Apart from the above-mentioned physically-based meteorological modelling, the special issue consists of two articles that utilise data-based (or empirical) models to simulate meteorological or climatological variables. The data-based models usually omit physical fundamentals that control a given phenomenon, but they extensively use data processing methods which aim to build models that associate inputs with outputs. Many geographic information systems and environments for scientific computing have such modelling tools implemented, and therefore the methods belong to the scope of geoinformatics. Szymanowski and Kryza (2017) present an extensive study on the use of mixed deterministic–stochastic models in modelling air temperature in Poland. The authors’ main objective is to check if it is justified to incorporate as many explanatory variables as possible to improve the accuracy of air temperature modelling. They arrive at the conclusion that only first 1–3 environmental variables (elevation, location, distance from the sea) are meaningful. Deterministic and stochastic modelling may also be used for simulating climatological variables, as presented by Szymanowski et al. (2017). The authors focus on the Ewert’s index which quantifies the continentality of climate. On the example of Poland, which is located on the contact of continental and oceanic climate forcing, Szymanowski et al. (2017) perform spatial interpolation of the index in question. They formulate recommendations on using specific interpolators, in particular in the context of possible automation of the procedure. A different approach for predicting local-scale extreme weather phenomena is proposed by Walawender et al. (2017) who utilised the Favourable Meteorological Conditions (FMC) algorithms and several data-based statistical models. The authors aim to forecast thunderstorms, fog, glaze and rime, and their exercise uses a long time period (45 years) and concentrates on Poland. The paper serves as a methodological background for producing predictive maps, as presented in the Meteorological Hazard Atlas of Poland.

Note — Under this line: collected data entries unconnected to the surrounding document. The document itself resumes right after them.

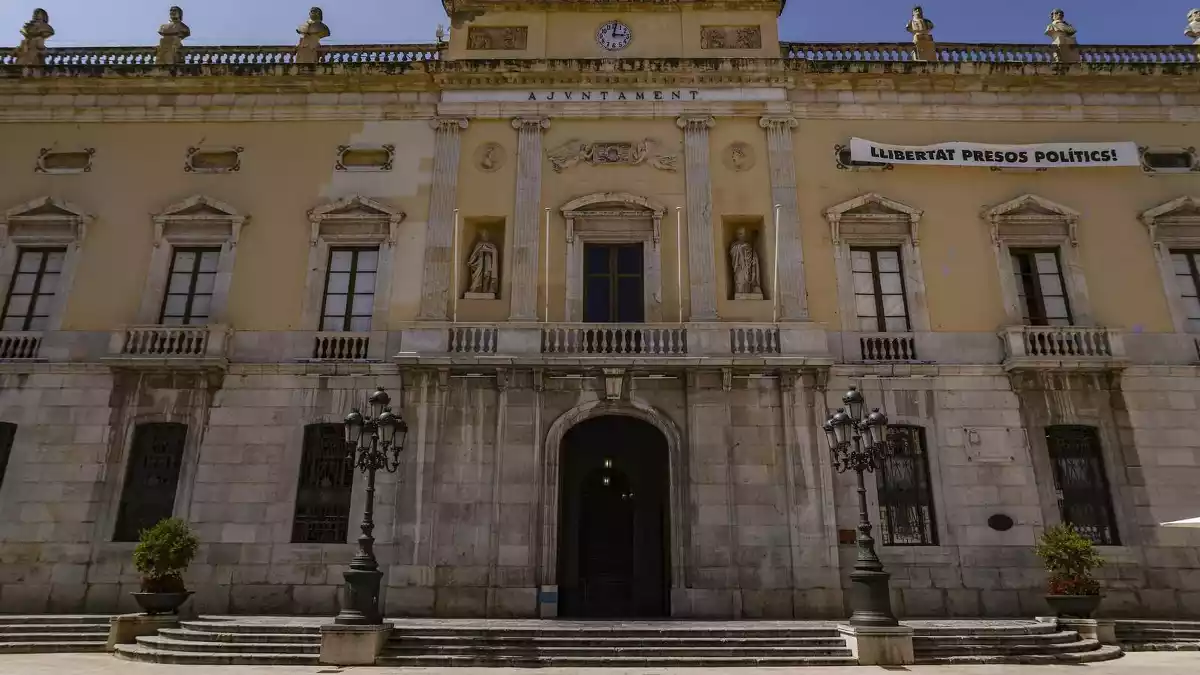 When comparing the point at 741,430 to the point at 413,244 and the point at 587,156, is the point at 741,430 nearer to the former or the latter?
the point at 587,156

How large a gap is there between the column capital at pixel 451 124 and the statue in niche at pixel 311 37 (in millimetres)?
3729

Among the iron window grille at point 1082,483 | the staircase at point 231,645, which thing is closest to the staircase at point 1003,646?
the iron window grille at point 1082,483

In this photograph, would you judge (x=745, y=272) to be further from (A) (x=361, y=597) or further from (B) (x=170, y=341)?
(B) (x=170, y=341)

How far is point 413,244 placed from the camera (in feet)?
55.9

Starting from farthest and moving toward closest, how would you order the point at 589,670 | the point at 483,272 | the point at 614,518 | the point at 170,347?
the point at 614,518
the point at 483,272
the point at 170,347
the point at 589,670

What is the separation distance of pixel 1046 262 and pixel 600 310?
34.0 ft

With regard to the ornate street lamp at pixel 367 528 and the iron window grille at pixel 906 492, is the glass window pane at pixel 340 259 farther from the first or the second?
the iron window grille at pixel 906 492

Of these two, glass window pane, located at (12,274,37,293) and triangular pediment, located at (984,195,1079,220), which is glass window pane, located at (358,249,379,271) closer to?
glass window pane, located at (12,274,37,293)

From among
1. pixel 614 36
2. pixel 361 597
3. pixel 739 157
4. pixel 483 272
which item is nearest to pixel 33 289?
pixel 483 272

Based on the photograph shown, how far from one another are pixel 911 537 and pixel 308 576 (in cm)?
1230

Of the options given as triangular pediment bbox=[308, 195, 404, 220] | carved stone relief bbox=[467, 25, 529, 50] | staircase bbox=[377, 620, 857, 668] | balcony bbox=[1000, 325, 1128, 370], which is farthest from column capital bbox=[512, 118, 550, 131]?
balcony bbox=[1000, 325, 1128, 370]

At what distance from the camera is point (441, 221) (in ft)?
56.3

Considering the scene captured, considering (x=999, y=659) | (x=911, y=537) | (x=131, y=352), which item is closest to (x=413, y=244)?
(x=131, y=352)

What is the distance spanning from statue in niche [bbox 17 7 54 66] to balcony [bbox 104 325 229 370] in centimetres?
863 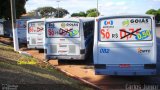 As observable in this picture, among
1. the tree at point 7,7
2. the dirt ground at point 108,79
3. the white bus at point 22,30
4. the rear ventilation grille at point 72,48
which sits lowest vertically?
the dirt ground at point 108,79

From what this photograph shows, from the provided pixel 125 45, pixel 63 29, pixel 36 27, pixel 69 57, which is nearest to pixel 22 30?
pixel 36 27

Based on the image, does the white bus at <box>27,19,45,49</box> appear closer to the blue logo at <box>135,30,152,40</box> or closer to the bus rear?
the bus rear

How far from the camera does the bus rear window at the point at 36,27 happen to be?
2537 cm

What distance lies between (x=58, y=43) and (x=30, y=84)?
1011cm

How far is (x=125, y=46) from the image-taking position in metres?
13.7

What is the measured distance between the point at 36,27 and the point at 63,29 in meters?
6.69

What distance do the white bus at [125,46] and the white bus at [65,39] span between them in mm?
5173

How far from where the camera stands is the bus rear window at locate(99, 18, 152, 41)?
13773 mm

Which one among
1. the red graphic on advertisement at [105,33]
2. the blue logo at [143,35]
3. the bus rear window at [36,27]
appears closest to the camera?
the blue logo at [143,35]

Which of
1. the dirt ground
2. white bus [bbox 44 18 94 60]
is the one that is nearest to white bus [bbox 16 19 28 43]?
white bus [bbox 44 18 94 60]

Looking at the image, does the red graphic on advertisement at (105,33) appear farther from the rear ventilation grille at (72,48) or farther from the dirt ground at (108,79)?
the rear ventilation grille at (72,48)

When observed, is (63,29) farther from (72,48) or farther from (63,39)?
(72,48)

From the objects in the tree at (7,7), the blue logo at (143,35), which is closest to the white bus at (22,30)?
the tree at (7,7)

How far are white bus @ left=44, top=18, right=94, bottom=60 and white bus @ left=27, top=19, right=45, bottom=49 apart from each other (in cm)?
594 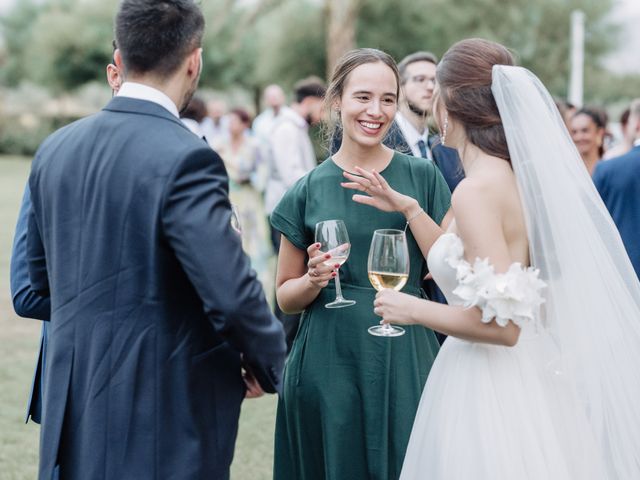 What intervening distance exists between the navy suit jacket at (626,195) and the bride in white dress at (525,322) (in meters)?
2.73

Since it is difficult to elaborate accurate prognoses of drought, which is associated with a long-term variability of the phenomenon, it is usually convenient to carry out drought risk assessment. Ruda et al. (2017) present a multi-stage approach for quantifying risk level, and illustrate it on the example area located in southeastern Czechia. A particular emphasis is put on a role of landscape complexity in drought development. It is found that even within a relatively small area, the risk level varies significantly in space.

A natural area of application of atmospheric products and reports is hydrology. Two papers published in the special issue offer case studies on applications of geoinformation methods in hydrologic analyses, in particular in flood hazard assessment. Mentzafou et al. (2017) use the geographically weighted regression to classify the Evros river basin into areas of dissimilar flood hazard categories. A different approach is explored by Rutkowska et al. (2017) who presents the L-moment-based analysis for the upper Vistula river basin. The authors claim that the approach may be used to estimate flood quantiles at ungauged sites and therefore has a considerable potential for flood risk assessment studies.

Atmospheric processes are not only associated with oceanic and hydrologic phenomena, but also may have a significant influence on solid Earth. One of such impacts is the atmospheric mass loading which remains a part of the entire signal measured at reference stations of the Global Navigation Satellite System (GNSS). Peng et al. (2017) consider the time series of vertical GNSS coordinates of the selected reference stations located in China. One of the main findings is decomposition of the seasonal non-tectonic signal into terms which correspond to atmospheric and soil moisture mass loading. The GNSS observations and their processing belong to very important areas of geoinformatics, since they provide location data for the majority of geoscientific analyses.